Do people just not listen? Do they listen but not understand? It is truly baffling! There are signs all over the shop that explain what we are and what we sell, are people just impatient and not taking the time to look, really look, and listen, really listen? (Fellow actors, please excuse that lame eluding to acting-methods).

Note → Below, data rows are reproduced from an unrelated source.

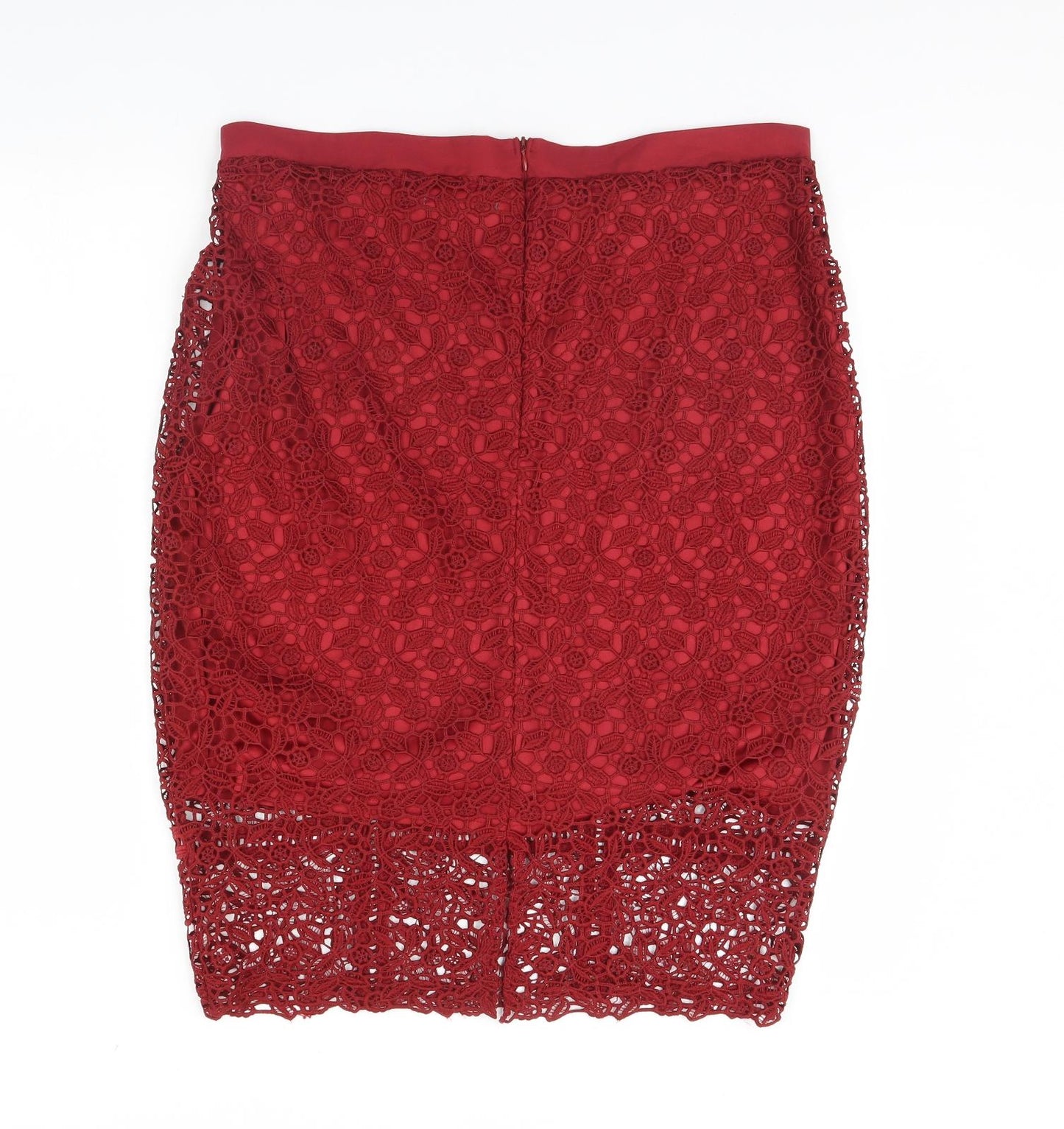 Primark Womens Red   Straight & Pencil Skirt Size 18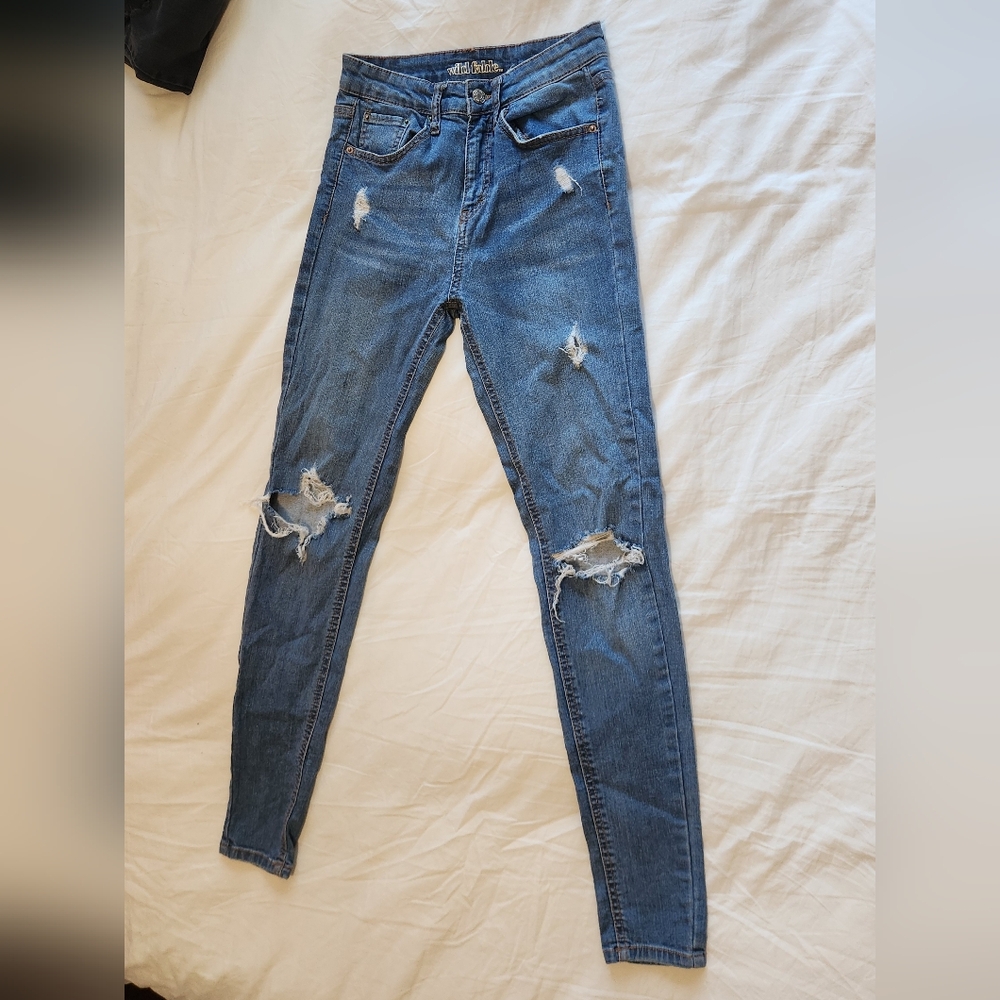 Wild Fable Ripped Blue Skinny Jeans
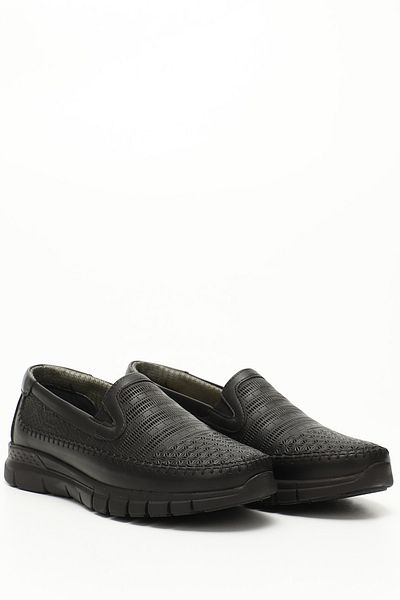 GÖNDERİ(R) Women / Girls Black Gön Genuine Leather Round Toe Wedge Sole Women's Casual Shoes 42922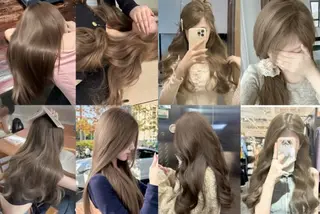 ロング カラー ブリーチなし透明感 艶🌟YOSHIKIのヘアスタイル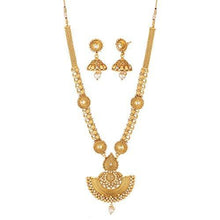 Apara South India Long Haram Mala with American Diamond and Pearl for Women - NEIGHBOUR JOY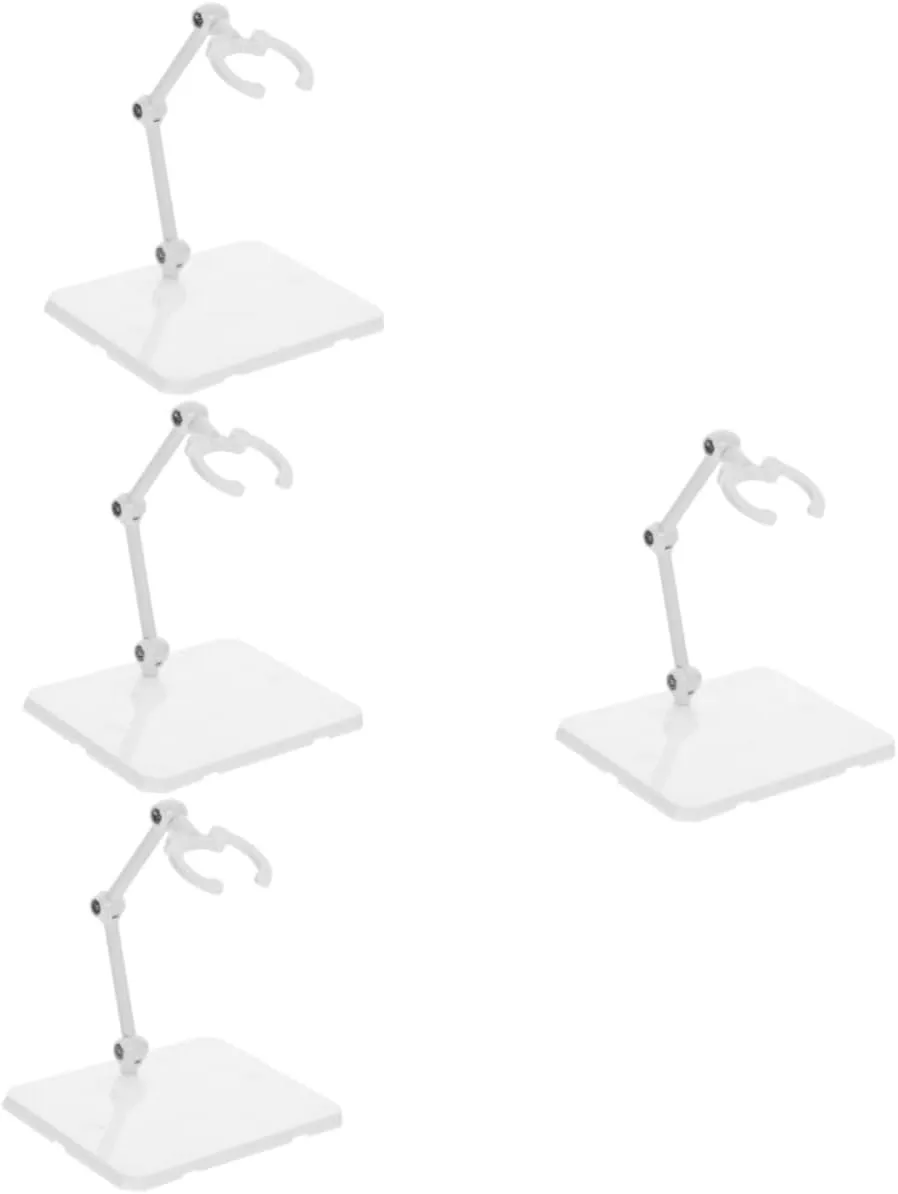 VICASKY 4pcs Adjustable Action Figure Display Stand Plastic Doll Model Holder Stable Support for Home Store and Collectors Strong Load-bearing Capacity Design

This author would like the reader to know that, however baffled she is by some questions and comments, she really does enjoy interacting with all the diverse people that walk through our doors. 99% of customers are so friendly and a pleasure to serve. There is that 1% that this author cannot quite get her head around...to help the reader understand, she will leave the reader to contemplate the following incident which occurred today:

After having tried a chocolate covered dried cherry, a woman, so besotted with it, pulled her friend over (a woman in her late 60s I presume) to taste it. The friend put the cherry in her mouth and then proceeded to make a face like a 9-year old eating brussel sprouts and said with venom, "I don't like eating dead fruits." When this author and her colleague (both dumfounded) asked her to explain what she meant, she told them that as far as she was concerned, dried fruit is dead fruit, which is disgusting. She then proceeded to tell the Pure Dark employees that she doesn't ever mix her fruits, because if God had wanted us to eat mixed fruit, he would have made mixed fruit trees. The reader may be proud to hear that, this author, who is both agnostic and highly opinionated, managed to keep her mouth shut and let the customer walk away in all her ignorant glory. Boy, did the Pure Dark employees have a great topic of conversation for the rest of the day!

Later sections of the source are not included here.